Bipartisan Bid To Help Small Businesses Avoid Trump Tax Hit

State lawmakers believe there’s a way to help small-business owners get around a Trump change to the federal tax code that hits them hard. It could benefit as many as 270,000 New Jerseyans.

Lawmakers rushed into action earlier this year to help New Jersey homeowners deal with the loss of the federal SALT write-off, and now they’re turning their attention to assisting the state’s small-business owners.

Bipartisan legislation that the state Senate is expected to approve today would help preserve the full deduction for state and local taxes for some small-business owners. These are residents who have what are known as “pass-through” entities, including partnerships, limited-liability corporations and so-called S corporations.

It would help a group of roughly 270,000 residents get around the $10,000 limit on the federal SALT deduction that President Donald Trump and the Republican Congress capped as a write-off.

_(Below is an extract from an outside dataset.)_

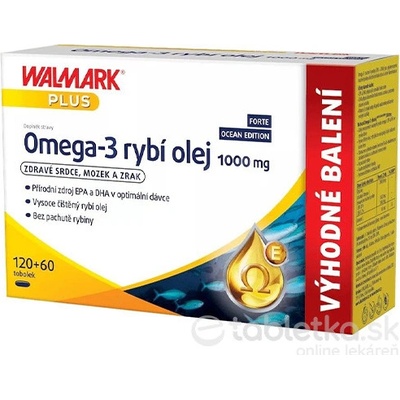 Walmark Plus Omega-3 rybí olej 1000mg 120+60 tabliet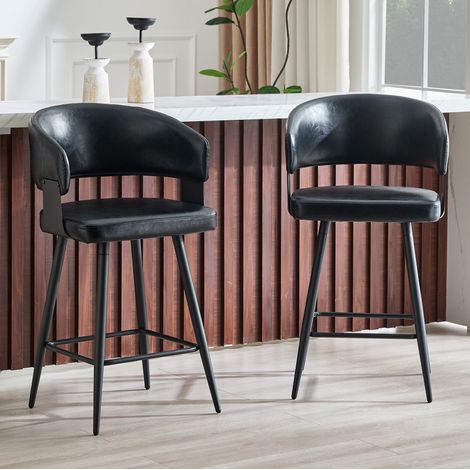 Gepolsterte Esszimmerstühle mit Armlehnen, schwarz, 2er-Set, Metallgestell, OKMYHOME (1/5)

To remedy the loss of a full SALT deduction for the pass-through entities, the proposed legislation would see the state begin to tax them as a business entity instead of taxing the profits that individuals make through their businesses via the state’s personal-income tax. The sponsors say they are merely re-establishing the way the state handled the taxing of such entities in the early 1990s, before policymakers decided to switch to the current tax system.

“This plan works because the federal tax plan allows businesses to continue to deduct all of their taxes,” said Sen. Steve Oroho (R-Sussex), a bill sponsor who is also a certified financial planner.

Could preserve full deductibility of $23 billion a year

According to the bill, which underwent some amendments after its unveiling earlier this year, the state will levy the newly classified business tax on “income, dividends, and gain received from the pass-through business.”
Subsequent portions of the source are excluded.